Wednesday, December 4, 2019

Roadside Blight - Former Hale Groves - Wabasso, FL


Look! Look at.... absolutely nothing
 
Driving home from an outing to Vero Beach, we passed this amazing empty sign. Despite being painted out and peeling away from it's frame, this sign still catches a lot of attention sitting on the side of the road. Initially, me and my parents thought it was some sort of drive-in establishment. The sign's about the right size and looks about the right era, and the arrow fit thematically too. However, checking the much smaller and less impressive secondary sign, we can see that it was actually a showroom or store for Hale Groves.

Informative and unimpressive, like a typical public school system.

Despite serious effort put into blanking out the large sign, this smaller sign had it's logo left intact. Though in recent years, it seems the paint's started trying to escape on it's own.


Vintage awnings oversee a parking lot of faded asphalt, increasingly consumed by plant life run amok. If one wanted to sum up the probably hundreds of former roadside delights throughout Florida, that would be a pretty good start. I love the architecture here, even for a rather simple building built out of what was once just a packing house.


Getting ourselves closer to the main building, we can't see too much, save for the large amount of plant life that has begun to spring up in the cracks even after a relatively short period of abandonment.


Not much here of note except a decent amount of plywood nailed to the front of the building. This must have had plenty of doors/big windows in it's day, part of me wonders if the other panels next to them might have once been windows as well. The bricking up of extraneous, large windows in department stores and other commercial architecture of the 50s and 60s seems ironic, considering the money-demanding feature it has become in houses decades later.

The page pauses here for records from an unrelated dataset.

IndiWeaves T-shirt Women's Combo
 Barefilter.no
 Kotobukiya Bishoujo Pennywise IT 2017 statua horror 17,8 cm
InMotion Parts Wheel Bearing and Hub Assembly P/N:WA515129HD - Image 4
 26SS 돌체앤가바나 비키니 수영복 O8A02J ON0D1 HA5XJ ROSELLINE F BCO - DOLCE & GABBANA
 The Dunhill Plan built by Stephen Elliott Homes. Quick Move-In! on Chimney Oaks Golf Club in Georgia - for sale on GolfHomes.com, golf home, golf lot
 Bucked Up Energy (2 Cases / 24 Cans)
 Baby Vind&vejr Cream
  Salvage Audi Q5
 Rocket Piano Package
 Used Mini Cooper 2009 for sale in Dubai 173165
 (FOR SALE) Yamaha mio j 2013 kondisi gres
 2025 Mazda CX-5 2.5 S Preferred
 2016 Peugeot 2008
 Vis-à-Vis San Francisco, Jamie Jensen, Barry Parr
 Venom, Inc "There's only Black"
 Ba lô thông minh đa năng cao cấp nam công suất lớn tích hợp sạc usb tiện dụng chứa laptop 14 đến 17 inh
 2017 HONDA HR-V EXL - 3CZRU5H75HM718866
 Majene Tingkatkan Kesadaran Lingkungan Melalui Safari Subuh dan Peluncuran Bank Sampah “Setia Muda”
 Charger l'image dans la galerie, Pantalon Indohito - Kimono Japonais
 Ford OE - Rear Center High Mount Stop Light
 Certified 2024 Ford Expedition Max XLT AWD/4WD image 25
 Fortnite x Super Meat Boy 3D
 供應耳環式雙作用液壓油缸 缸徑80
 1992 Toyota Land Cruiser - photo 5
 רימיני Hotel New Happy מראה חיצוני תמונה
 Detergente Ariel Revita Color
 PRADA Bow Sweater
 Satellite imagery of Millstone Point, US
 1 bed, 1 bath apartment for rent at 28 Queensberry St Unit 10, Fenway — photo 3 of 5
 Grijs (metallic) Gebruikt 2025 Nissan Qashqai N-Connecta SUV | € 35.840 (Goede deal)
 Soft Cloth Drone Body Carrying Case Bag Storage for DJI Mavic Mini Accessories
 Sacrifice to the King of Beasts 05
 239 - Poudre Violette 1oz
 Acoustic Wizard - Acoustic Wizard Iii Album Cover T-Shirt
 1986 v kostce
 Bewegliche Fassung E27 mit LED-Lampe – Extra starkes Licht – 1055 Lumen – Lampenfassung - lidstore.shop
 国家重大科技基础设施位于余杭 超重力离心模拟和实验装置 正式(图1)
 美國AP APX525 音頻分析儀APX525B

A nice shot of the end of the building, transitioning into the covered parking area. Notice that massive pile of plant matter there, I'm really not sure what's caused it to take off like it has. Proximity to the ocean? Decades of spilled oranges rotting into the soil making the world's greatest fertilizer? Who knows. All I can say is that in a few decades if this building hasn't collapsed under it's own weight or into the sea, it's gonna look like a giant hedge with some roofing poking out. 


This is the last time you'll see plywood prominently in a photo here, I swear. We reach the end of the building, with a small unknown window covered with more of the USA's favorite budget wood sheeting. Alas, even in abandonment, we cannot escape the reign of the crappy free newspaper/circular either. Actually, let's get a little closer to take a look around the corner....


and look down the hallway of darkness. Despite a sunny day, overgrowth has shaded this hallway in such a way as to make it quite eerie. I considered going down here, but the feeling of weird unease I got just looking at it prevented me from exploring it any further. 99% chance I would have been fine, but you know, sometimes you just don't have a great feeling.


Albeit slightly blurry, this photo illustrates very well how the plant growth has taken over this ramp. Whether this was a disabled access ramp, a loading ramp, or possibly both, I do not know. The railings are still in good shape though.


This shot came out pretty well I think, showing the small shaded area next to what I believe was parking. I really like the architecture on this little canopy, even if it's not that fancy. How this chunk of concrete has escaped any large amounts of overgrowth is beyond me, I can't imagine just being shaded has been that effective.


Here's a shot from underneath the little vintage canopy. I wonder if there was ever anything under here, as it seems a decent sized space to be completely empty.


Reminds you a little bit of a book cover doesn't it? It's not perfectly frame, but I still do like this shot.


To round off our post, we'll end with this quick photo of the side of the building- which makes the structure's packing house origins a lot more obvious.

Florida, despite it's nearly nationwide fame for citrus, doesn't have a great citrus industry anymore. Least not in this part of the state. Up and down Brevard and Indian River counties there lays a string of abandoned packing houses- Old Victory Groves, Oslo Growers Association, Quality Fruit Packers, Greene River Packing, and Nevins Fruit Company, just to name a few. Retail outlets, too. In recent years Harvey's Groves closed it's two retail locations in Rockledge and West Melbourne, and Policicchio Groves in Merritt Island. All shuttered. The one in West Melbourne is now a vape shop, the newest addition to the list of common low-end tenants.